Red routes are a matrix which helps prioritise your content and functionality based on usefulness to the most users. They can be particularly helpful when you have 2 equally distinct user groups.
It’s quite a simple exercise that you can do internally with data on an existing app or with user interviews. If your product isn’t live, you can brainstorm with your team.
The set up
Draw an axis of time and an axis of people. For a red route exercise it doesn’t matter which is which, but I usually add time as the x-axis as is convention in other professions. Next draw a grid of 16 squares (4×4).

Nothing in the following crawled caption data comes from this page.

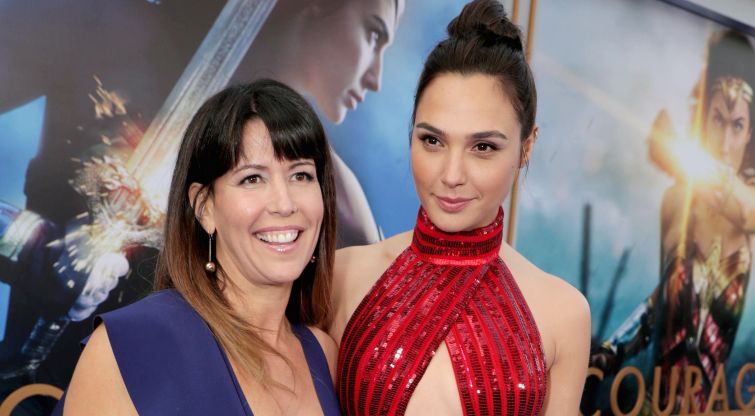 Congrats to Patty Jenkins and co!

&#039;Wonder Woman&#039; is now the
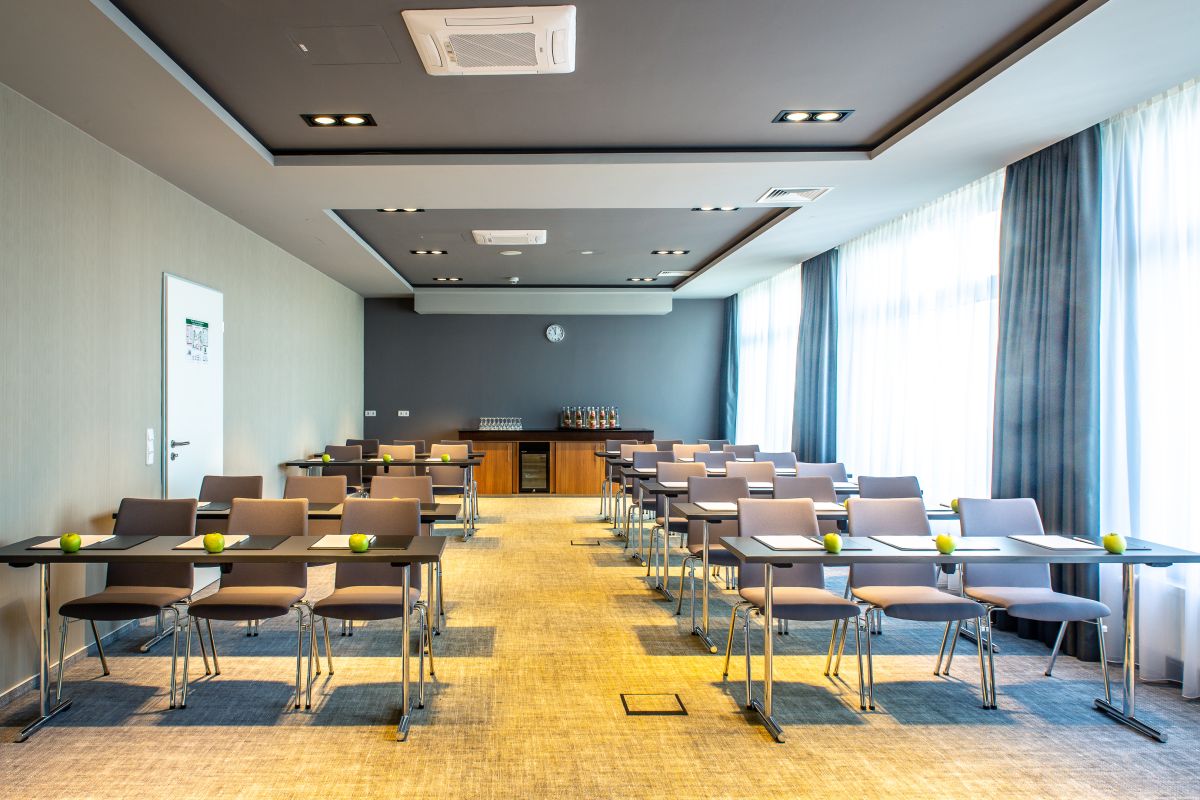 Holiday Inn Conference Centre Berlin, By IHG Bild 32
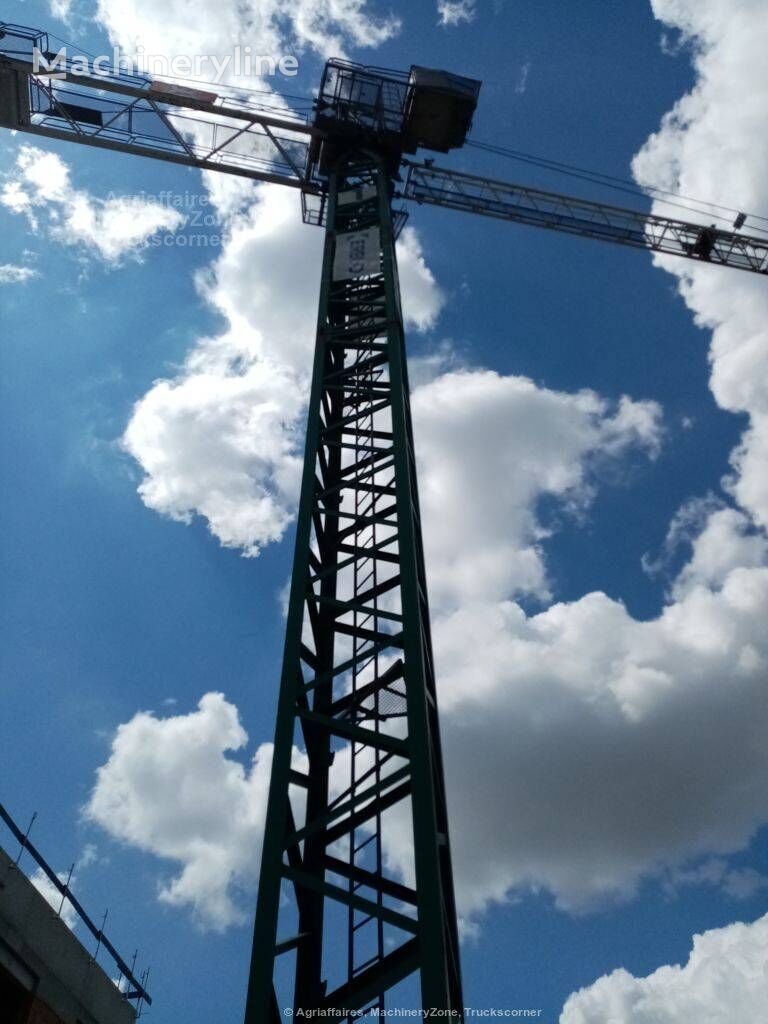 Jaso J 52 NS tower crane - Machineryline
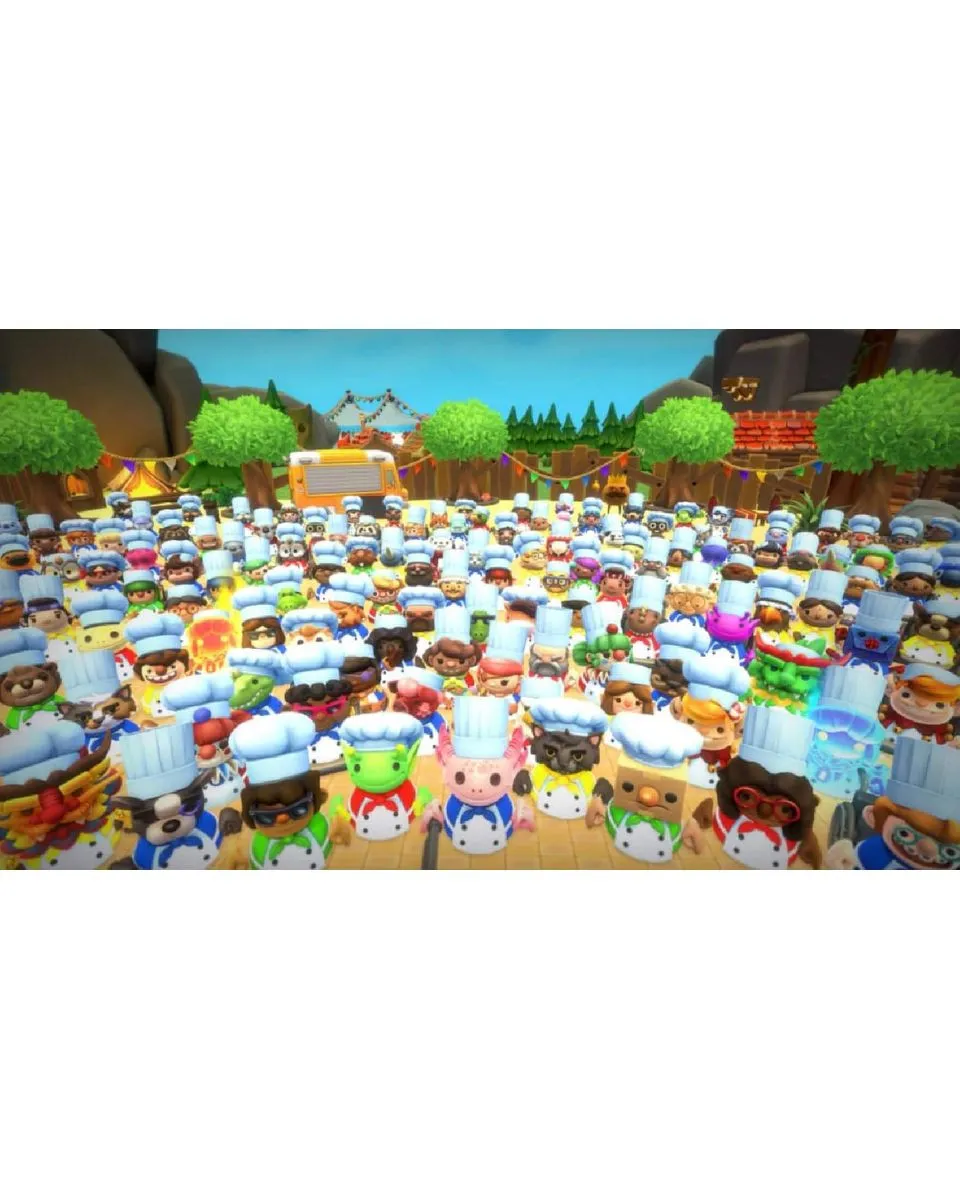 PS5 Overcooked! - All You Can Eat 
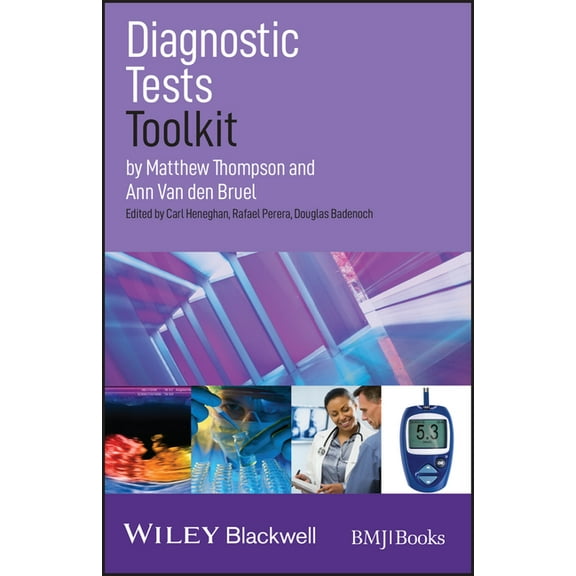 Ebmt-Ebm Toolkit Diagnostic Tests Toolkit, Book 5, (Paperback)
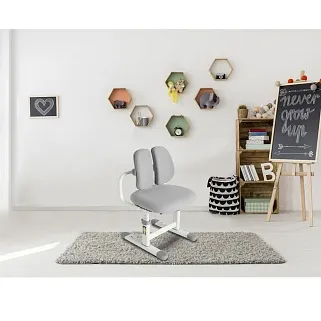 Детский стул Crocus II Grey Cubby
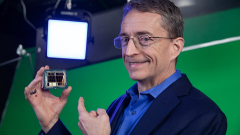 Beindult az AI-szájkarate: az Intel CEO szerint az Nvidiának csak szerencséje volt kép
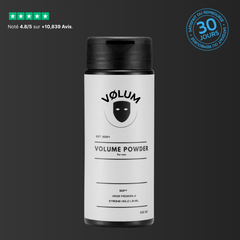 VØLÜM - Poudre de texture
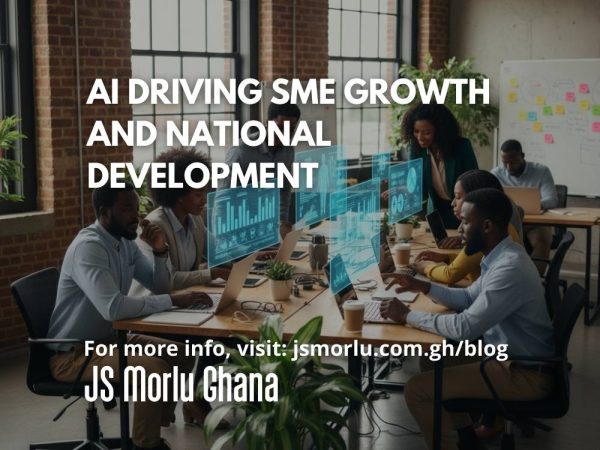 AI Driving SME Growth and National Development
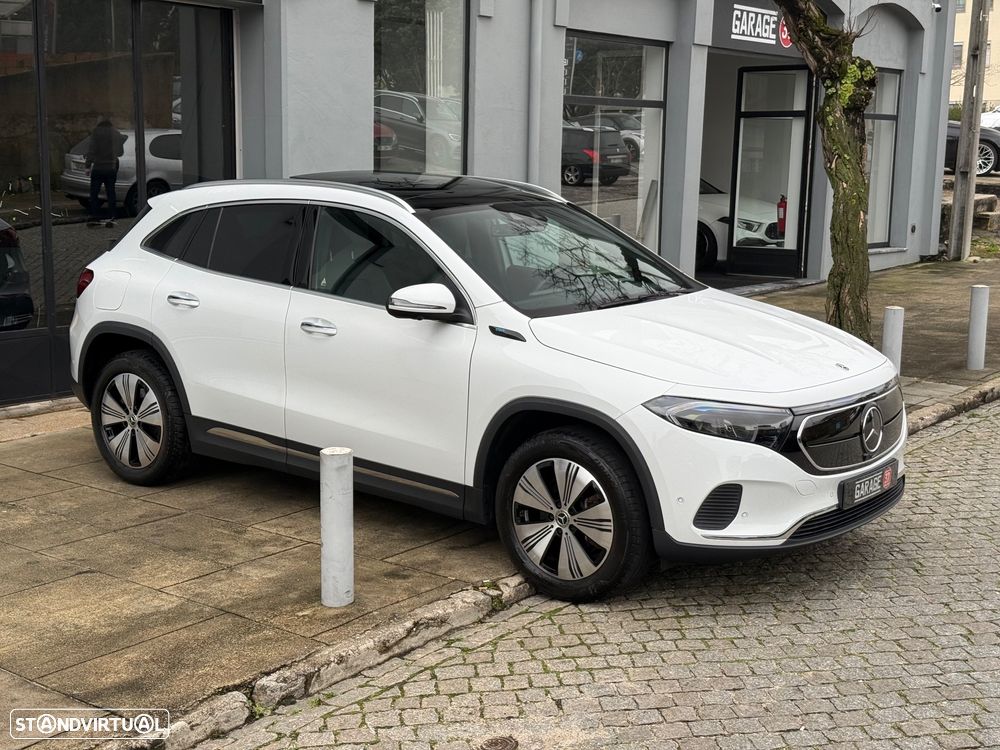 Mercedes-Benz EQA 300 4Matic - 4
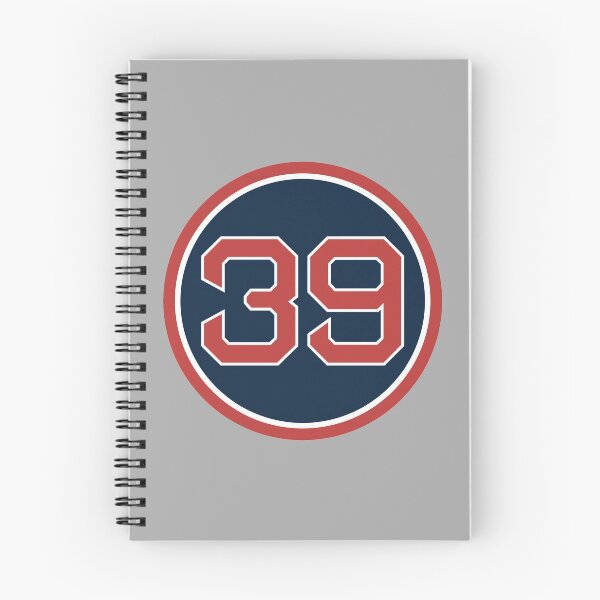 Item preview, Mike Greenwell #39 Jersey Number designed and sold by StickBall.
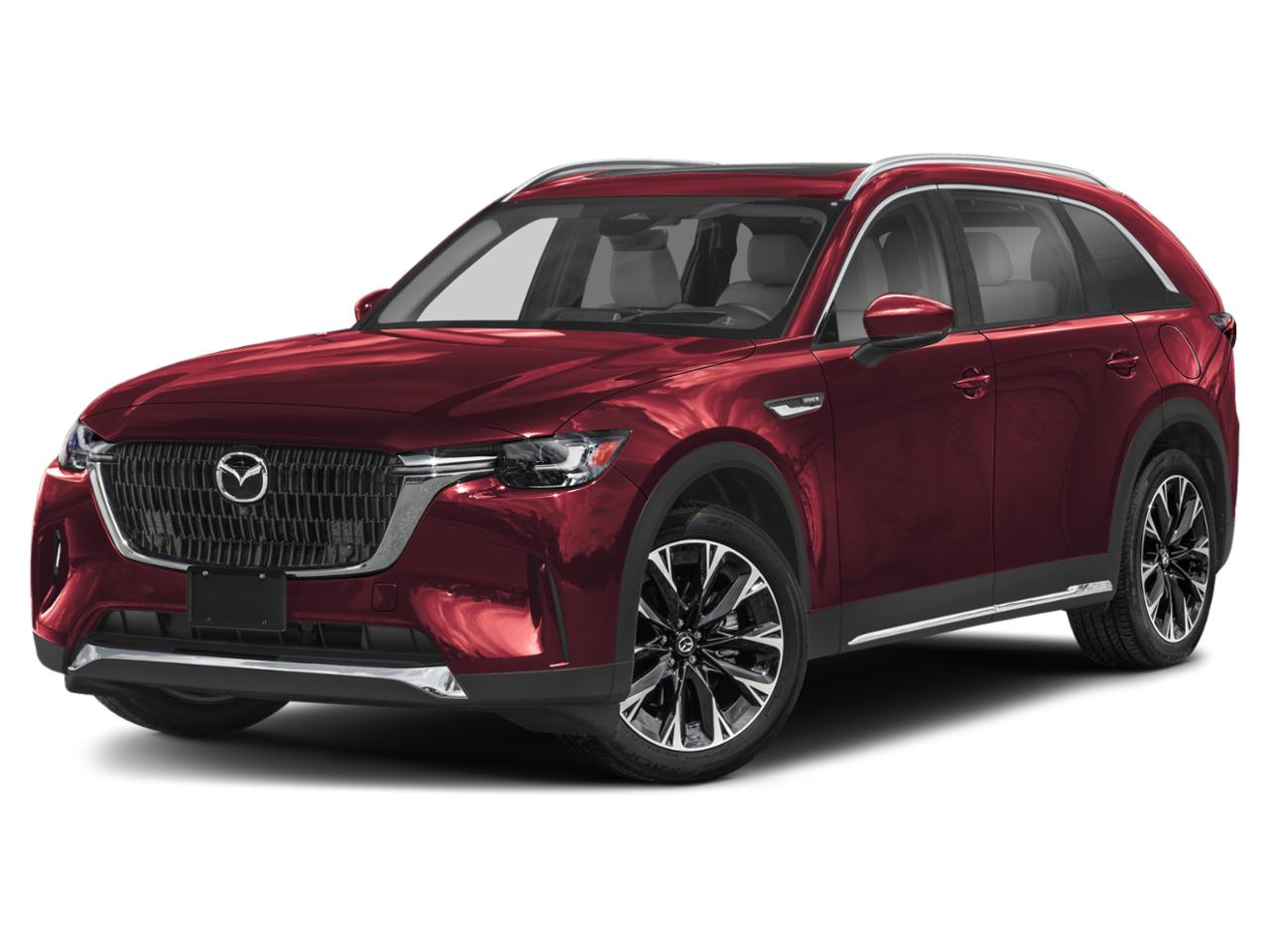 2024 Mazda CX-90 PHEV Vehicle Photo in Tampa, FL 33612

See below for label axes along with the initial set up. The shading is normally done in red, but can be any colour; this gives a more direct visual clue to a hierarchy of features. Just using lines here is perfectly fine too.
Completing your red route
Next, place your features within the quadrants you’ve created. Ideally you want one in each, but depending on the size and complexity of your app, you could have a few. Those features used by most users most of the time go top right, those used by very few people, very little of the time go bottom left. Everything else fits in between.
And here’s an example of a completed red route with features in for an app I worked on in 2015, which was for both creatives and recruiters. The most used feature by both groups of users is browsing content followed by uploading content (just creatives) and liking a project (both recruiters and creatives). The least used would be messaging creatives, which was a paid option that few people would users some of the time.